First, as noted above, several opinions emphasize the age of the display and its World War I vintage. A portion of the Court opinion joined by five Justices asserts (at the end of Part II-B) that “retaining established, religiously expressive monuments, symbols, and practices is quite different from erecting or adopting new ones. The passage of time gives rise to a strong presumption of constitutionality.” Justice Breyer asserts separately and explicitly that new displays present different considerations. Remarkably, neither the Court opinion nor Breyer’s concurrence ever mentions McCreary County vs. ACLU, which held that a newly mounted courthouse display of the Ten Commandments violated the Establishment Clause. The McCreary Court, including Justice Breyer, concluded that the County Commissioners created the display for the purpose of promoting religion. Together with its companion decision Van Orden v. Perry, these Ten Commandments cases rooted the distinction between old and new religious monuments firmly in Establishment Clause precedent.
Imagine a lower court now confronted with the question whether a newly erected Latin Cross, unaccompanied by any other religious symbols, would be a constitutionally appropriate memorial to all Americans who died on 9/11/01, or who have been lost in military action in the Middle East since that date. The narrative of the cross as a national symbol, so prominent in the Court’s account of World War I and its aftermath, would no longer be available as a basis for upholding the display. The presumption of constitutionality would not apply. Lawyers and lower court judges will be acutely aware of the significance of the McCreary County – Van Orden pair, even though the Supreme Court mysteriously omitted any explicit reference to it.
Moreover, the Supreme Court’s emphasis in the Bladensburg Cross opinion on inclusivity, mutual respect, and nondiscrimination in government religious messages makes the cross implausible as a generic marker that commemorates the death of a religiously diverse group of people. The claim of inclusivity rings hollow in Bladensburg, and is impossible to credit in the case of a more recent display. The Council prayer practice in Town of Greece, which involved inviting clergy from all houses of worship in the Town to take a turn at offering the prayer, cannot be analogized to the continuous display of a single monument from a particular faith.
These same considerations of age and inclusivity will also present significant questions for lower courts asked, as they frequently are, to rule on seasonal holiday displays. If such displays lift up non-universal theological messages, such as the virgin birth or divinity of Christ, they will be anything but inclusive. And if they are reassembled or created fresh every year, will their vintage be measured by their origins in local history, or will each year represent a new display to evaluate?
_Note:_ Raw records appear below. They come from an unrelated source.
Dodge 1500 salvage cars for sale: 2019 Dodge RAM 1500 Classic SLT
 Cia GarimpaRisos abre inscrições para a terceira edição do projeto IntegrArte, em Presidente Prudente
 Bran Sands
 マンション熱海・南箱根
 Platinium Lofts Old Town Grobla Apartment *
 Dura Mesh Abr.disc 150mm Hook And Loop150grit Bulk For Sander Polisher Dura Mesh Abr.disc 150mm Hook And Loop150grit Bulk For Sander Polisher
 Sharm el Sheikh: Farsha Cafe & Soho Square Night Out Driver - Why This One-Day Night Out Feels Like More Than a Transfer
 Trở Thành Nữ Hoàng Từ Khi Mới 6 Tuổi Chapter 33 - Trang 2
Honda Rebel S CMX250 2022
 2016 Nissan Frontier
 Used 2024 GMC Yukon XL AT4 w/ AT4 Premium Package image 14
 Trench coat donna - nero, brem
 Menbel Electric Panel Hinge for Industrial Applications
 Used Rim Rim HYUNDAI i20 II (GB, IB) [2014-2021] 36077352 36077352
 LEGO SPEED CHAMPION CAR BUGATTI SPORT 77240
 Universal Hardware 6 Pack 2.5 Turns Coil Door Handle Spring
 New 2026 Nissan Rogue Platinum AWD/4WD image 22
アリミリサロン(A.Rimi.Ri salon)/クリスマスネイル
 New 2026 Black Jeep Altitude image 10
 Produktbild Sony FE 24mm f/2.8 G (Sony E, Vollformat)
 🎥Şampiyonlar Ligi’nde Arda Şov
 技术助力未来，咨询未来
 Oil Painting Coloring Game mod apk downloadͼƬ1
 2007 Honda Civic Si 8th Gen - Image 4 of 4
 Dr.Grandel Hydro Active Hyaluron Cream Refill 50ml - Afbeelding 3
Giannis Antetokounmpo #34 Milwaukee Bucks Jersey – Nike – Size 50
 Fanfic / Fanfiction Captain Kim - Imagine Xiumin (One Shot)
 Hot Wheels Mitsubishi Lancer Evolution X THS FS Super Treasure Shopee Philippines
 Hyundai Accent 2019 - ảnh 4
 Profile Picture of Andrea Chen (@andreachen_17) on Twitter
These questions suggest strongly that the contextual analysis associated with the endorsement test has not been abandoned, even if the word endorsement will disappear from judicial opinions.The Bladensburg Cross decision will not eliminate case-by-case consideration of the context of displays, though the reasoning substitutes the judge’s own, frequently majoritarian perspective about history, tradition, and inclusivity for the minority-sensitive perspective of the “reasonable observer.” Despite the decision’s sadly predictable result, at least seven justices continue to pay tribute to themes of religious egalitarianism and pluralism. No faith can be legally or politically superior to others. With or without three-part tests, these basic establishment clause principles will inevitably play a role in the controversies to follow.